On our first day in Rome, we hurriedly decided to go out for lunch, and I let my guard down. Because my money belt strap had broken a few days earlier, I carried my wallet with me, taking the precaution of moving it from its customary place in my hip pocket to my left-front pocket. This didn’t deter the pickpocket one bit.

We boarded a city bus outside our hotel. At our stop, as we attempted to leave the bus through the rear exit, a group of teenagers rushed the doorway, surrounding and crowding both my wife and me. They even rendered my wife immobile by standing on her feet! At the same time, I was trying to indicate that we wanted to get out of the bus.

Then I felt it: an almost imperceptible touch and movement in my left-front pocket. An immediate check confirmed that the wallet was gone.

I started shouting, “Which one of you ___ stole my wallet?!” That got the attention of some of the other passengers, locals, who blocked the crowded doorway and prevented the thieves from getting off the bus. One gentleman confronted the group and even began to frisk those closest to him.

Another gentleman driving past noticed the commotion, asked what had happened and used his cell phone to call the police. He stayed until the police concluded their investigation.
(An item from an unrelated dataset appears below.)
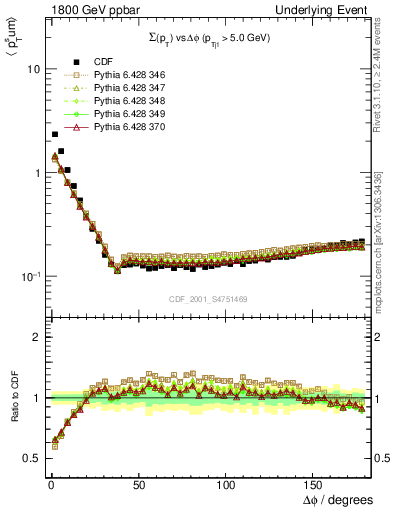 Plot of sumpt-vs-dphi in 1800 GeV ppbar collisions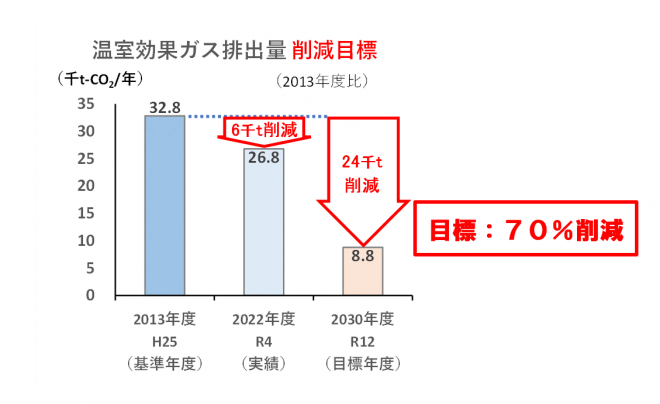 温室効果ガス削減目標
Meanwhile, the bus driver had turned off the engine and was holding the remaining passengers on board. The carabinieri arrived very quickly and just as quickly started their investigation. They had me watch each passenger as he/she exited the bus, holding those whom I identified as possibly being the thieves. Five young Gypsies, four male and one female, were detained on the bus and questioned by the two responding officers.

These same two officers also conducted a thorough — but unsuccessful — search of the bus assisted by the driver, even looking outside and under the vehicle and breaking open a trash container near the back doors of the bus.

During all this activity, two more carabinieri cars arrived, making a total of six officers on the scene. One of the original policemen asked us if we would go to the central police station to file a report, to which we eagerly replied “Yes!”

The five suspects were loaded into two of the police cars and we were placed in the third, an Alfa Romeo squad car. Our little convoy roared rapidly across Rome — lights flashing, sirens blaring, speed limits totally ignored. My wife and I agreed that we couldn’t have purchased a travel experience like that ride across the city.

At headquarters, we were escorted into the lieutenant’s office, who apologized for not speaking English well enough. We assured him that we had no trouble understanding him. Later we realized that he wanted the statements we were to give to be as accurate as possible, as he called for an interpreter from their Consulate. In about half an hour, she arrived, ready to relay questions and responses.

It was at this point that we began to realize how absolutely kind and considerate these people were. The interpreter, for example, offered us cash out of her pocket, which she said we could repay when we got home. (Luckily, our passports and some other cash were in the hotel safe, and my wife carried a third credit card which the thieves didn’t get.)

The lieutenant and his officers kept us supplied with ice-cold bottled water. When they offered coffee, I asked if it was espresso (one of my weaknesses), and they brought me a fresh, hot cup. Further, the lieutenant insisted that we make telephone calls (at their expense) to cancel our stolen credit cards.

We found out that the suspects were Gypsies from Romania, that they had been thoroughly searched, that they would spend the night in jail and that they would appear before a judge the next morning. Our statements would be presented as evidence against them.

Before we left the station, the lieutenant provided us with typed, signed and officially stamped copies of our statements (in Italian, of course). We were then escorted from the building, placed in yet another police car and taken back to our hotel. This ride was considerably more peaceful than the first one.

At the hotel, our farewells and handshakes with the two officers who brought us back were warm and friendly. When we turned at the door, smiled and waved one last good-bye to them, the obvious looks of curiosity on the faces of bystanders at the hotel entrance were priceless.

We even made a friend of the hotel manager, who also showed great kindness and sympathy for our plight. The next day, she told us that she heard on the radio that morning that the police had rounded up a gang of Gypsies from Romania who had been conducting a kind of “school for thieves” just outside Rome. An interesting coincidence.

Looking back on the experience, we couldn’t have been treated better. Everyone involved in this entire unfortunate incident (except the thieves, of course) treated us with respect, dignity, courtesy, kindness and friendliness.